**WHAT IS BEING ASKED:** Transcribe the whole listing exactly.

+++ DATA EXTRACT

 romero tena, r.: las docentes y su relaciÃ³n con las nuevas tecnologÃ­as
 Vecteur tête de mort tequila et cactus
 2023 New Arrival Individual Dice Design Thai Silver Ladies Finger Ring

++++++

**RESPONSE FOR THIS EXERCISE:**
 romero tena, r.: las docentes y su relaciÃ³n con las nuevas tecnologÃ­as
 Vecteur tête de mort tequila et cactus
 2023 New Arrival Individual Dice Design Thai Silver Ladies Finger Ring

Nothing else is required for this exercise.